God’s forgiveness was costly. In order for him to forgive us, he had to send his Son as the sinbearer. The cost to God was great. .
God’s forgiveness is comprehensive. There are some sins that are more heinous in God’s sight than other sins. Yet he does not only forgive the lesser sins, he forgives them all.
God’s forgiveness is continual. Once he has forgiven a sin, he does not mention it again. They are cast behind his back. He does not make them barriers to future blessing or reasons for preventing a relationship with him. These aspects show us the greatness of God’s grace.
God’s forgiveness is conditional. Before we can receive God’s forgiveness, we have to confess our sins. Until we do so, we will not be forgiven. This is a reminder of the necessity of repentance, which is the twin of faith in Christ.

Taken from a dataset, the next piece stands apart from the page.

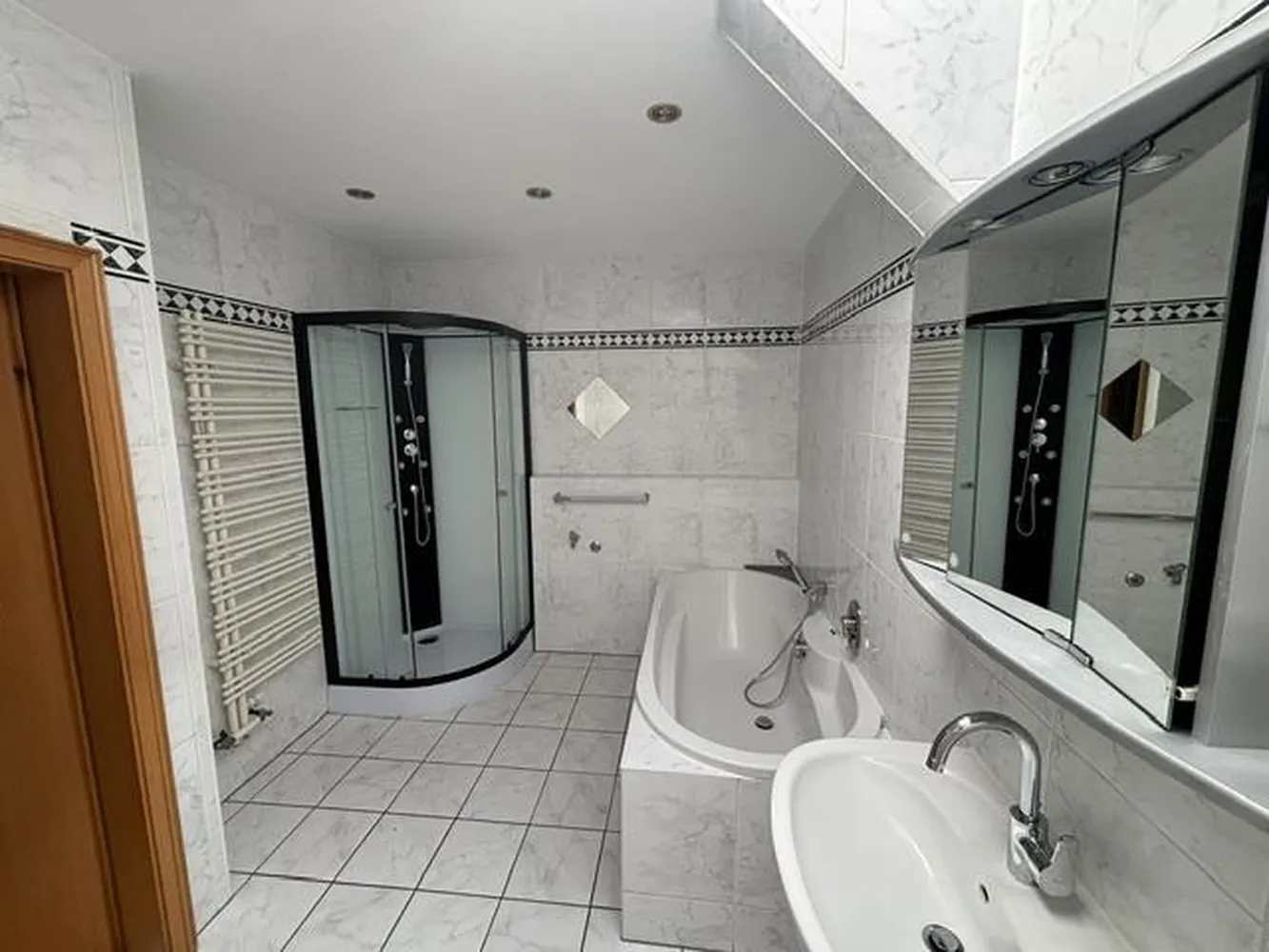 3 Zimmer Wohnung mit 85 m² in Wiesbaden – Bild 3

God’s forgiveness is complete. When a person trusts in Jesus, all his sins, past, present and future are forgiven as far as God’s justice is concerned. It is true that failure to confess sin affects the Christian’s enjoyment of God’s blessings, but even such a sad attitude does not negate God’s complete forgiveness as judge. As his children, we lose much when we are disobedient, but we never lose the declaration of pardon. This is connected to our justification. Remember the Shorter Catechism definition of justification: ‘Justification is an act of God’s free grace, wherein he pardoneth all our sins, and accepteth us as righteous in his sight, only for the righteousness of Christ, imputed to us, and received by faith alone.’

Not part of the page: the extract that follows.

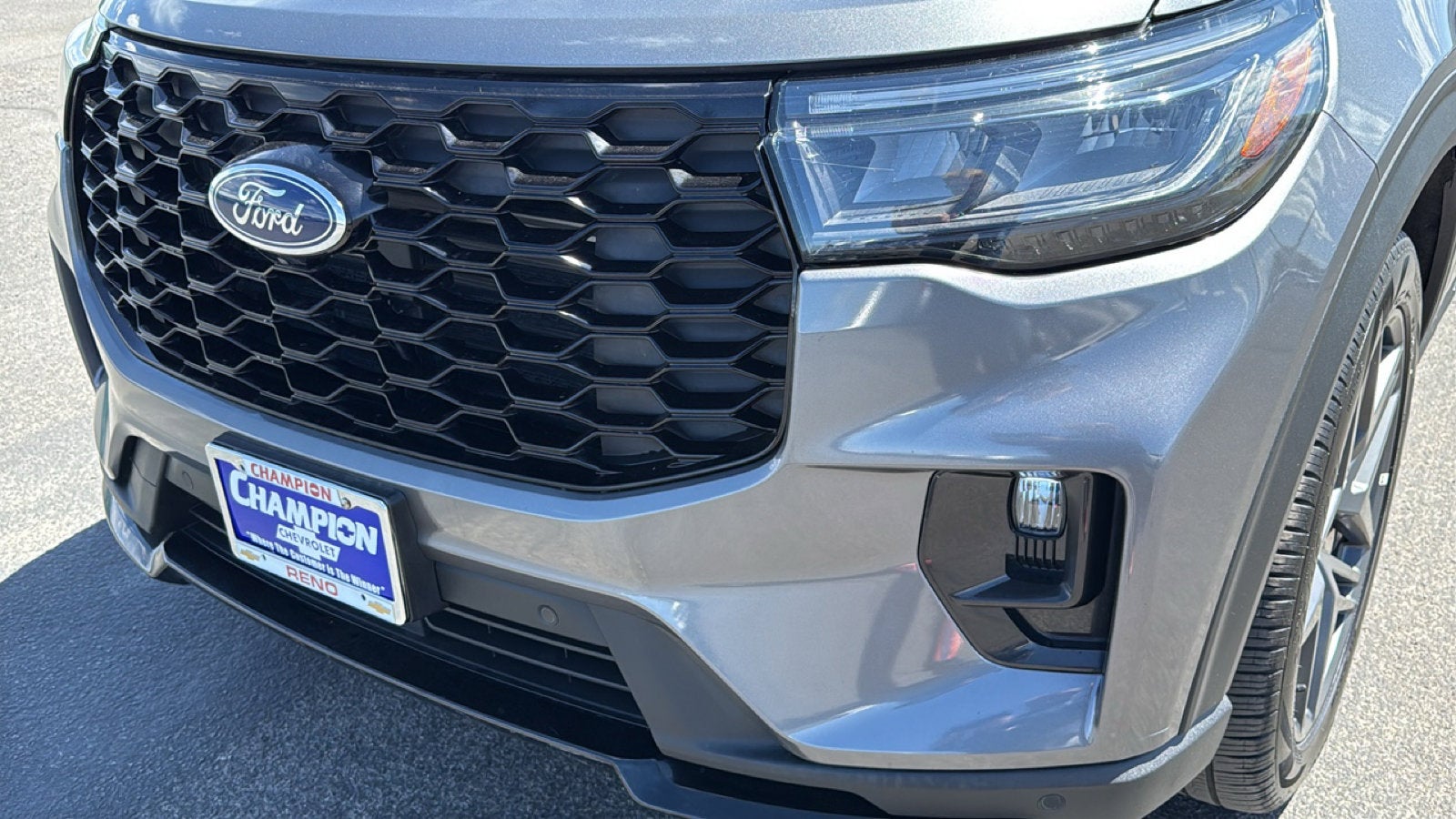 2025 Ford Explorer ST-Line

When we see the greatness of God’s forgiveness, we should have certain responses. First, we should rejoice. Our sins were the greatest barrier to our entrance into heaven. We could not remove them. But God has done so. We are pardoned. Second, we should respect such a great God. One way in which we do so is by refusing to take part in sin. Forgiveness obligates us to fight with sin. Third, we should retell to others the story of God’s great forgiving mercy.